Un día cualquiera se le ocurrió no exceder el motivo, pero después de haber visto un Van Gogh, ya no se puede creer que haya menos excedible que el motivo. El sencillo motivo de una vela encendida en un sillón de paja con armazón violáceo, expresa más, gracias a la mano de Van Gogh, que todo el conjunto de tragedias griegas, o de dramas de Cyril Turner, de Webster o de Ford, que por otro lado, hasta el momento, han permanecido sin inrepresentados. Sin caer en la literatura, he visto el rostro de
Van Gogh, ensangrentado en las irrupciones de sus paisajes, acercarse a mí.
KHOAN
TAVER
TINSUR
Sin embargo, es un bombardeo, es un incendio, es un estallido, justiciero de esa piedra de moler que el pobre Van Gogh, el loco cargó al cuello toda su vida. La piedra de pintar sin saber para dónde ni por qué.
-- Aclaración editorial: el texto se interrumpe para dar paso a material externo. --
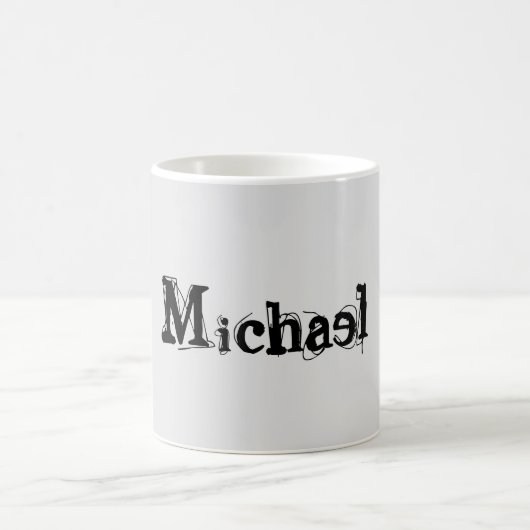 Minimalistischer moderner Monogramm-Name schwarz g Kaffeetasse (Mittel)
Ya que para este mundo, no es, no es nunca para esta tierra que todos hemos trabajado, peleado, rugido por el horror de hambre, de pobreza, de odio, de escándalo y de nausea, que todos fuimos envenenados, aunque todo eso nos haya hechizado, hasta que por fin nos hemos suicidado, ¡como el
mísero Van Gogh, no somos todos, acaso, suicidados por la sociedad!
Van Gogh renunció, al pintar, a narrar historias; pero lo extraordinario es que, este pintor que no es nada más que pintor, y que es más pintor que cualquier otro pintor, por ser en quien el material, la pintura misma, tiene un lugar de privilegio, con el color usado tal como sale del tubo, con la marca de cada pelo del pincel en el color, con el relieve de la pintura pintada, como exaltada en la luz de su propio sol, con la i, la coma el punto de la punta del pincel arrastrado directamente en el color, que se agita y salpica en pavesas, las que domina y amasa el pintor por todas partes, lo
extraordinario es que ese pintor que no es nada más que pintor, también es, de todos los pintores de la historia, el que más nos hace olvidar que estamos ante una pintura, una pintura que representa el tema elegido por él, y que hasta nosotros hace avanzar, delante de la tela quieta, el enigma puro, el puro enigma de la flor martirizada, del paisaje apuñalado, arado, retorcido por todos lados por su pincel ebrio.